NCL could do this by using addfiles and then, explicitly creating the appropriate time variable via cd_calendar and cd_inv_calendar . A more efficient approach would be to use the netCDF Operators (NCO). The ncrcat operator has been programmed to recognize ARM files. The ncrcat operator will recalculate the 'time_offset' variable to be relative to the 'base_time' in the first file to produce a monotonically increasing 'time_offset' value.

If ARM.1997-2008.nc is the file created by ncrcat, then in NCL:


    f     = addfile ("ARM.1997-2008.nc", "r") ; created by ncrcat
    x     = f->cloudfraction                 ; (time, lat, lon)
    xqc   = f->qc_cloudfraction              ; packed integer; 0 means good 
    timeo = f->time_offset                   ; Time offset from base_time {ncrcat]

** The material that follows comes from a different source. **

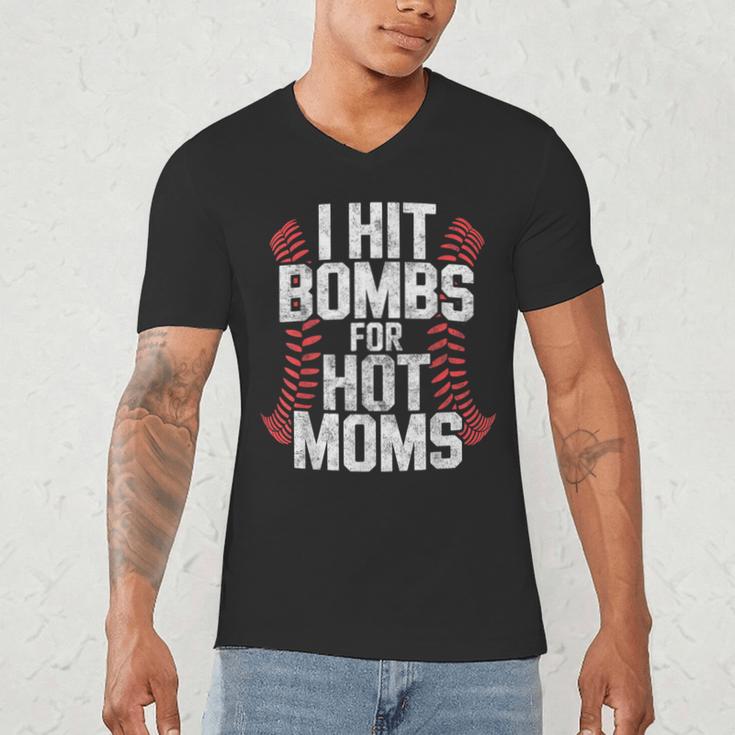 Baseball Joke Tee I Hit Bombs For Hot Moms Player Pitcher Men's V-Neck T-Shirt Baseball Joke Tee I Hit Bombs For Hot Moms Player Pitcher Men's V-Neck T-Shirt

    x&time   = timeo                        ; overwrite original 'time' 
    xqc&time = timeo                        ; with time_offset variable 

arm_1.ncl: One sample file from the "sfccldgrid" suite of files is used to create time and spatial averages. The stat_dispersion performs exploratory statistical analysis on the "cloudfrac" variable. The SGP prefix to the file means "Southern Great Plains".
arm_2.ncl: The following ncrcat commad created the ARM_SGP.2005-2009.cdf file:

ncrcat -h sgp15swfcldgrid1longN1.c1.200[5-9]*cdf ARM.2005-2009.nc

The stat_dispersion performs exploratory statistical analysis on the "cloudfrac" variable. EG:

(0)        ===> Robust Dispersion Statistics: Fractional Sky Cover <===
(0)      [0]            Mean=0.449298
(0)      [1]          StdDev=0.366408
       [SNIP]
(0)      [8]          Median=0.387
       [SNIP]
(0)      [21]      % Missing=23.3586

It shows that 23% of the data values are missing.

The locations age fairly close to each other, at each time average all the locations. Create a time series. Interpolate the temporal values to equally spaced time via linint1_n_Wrap. Smooth and plot the series.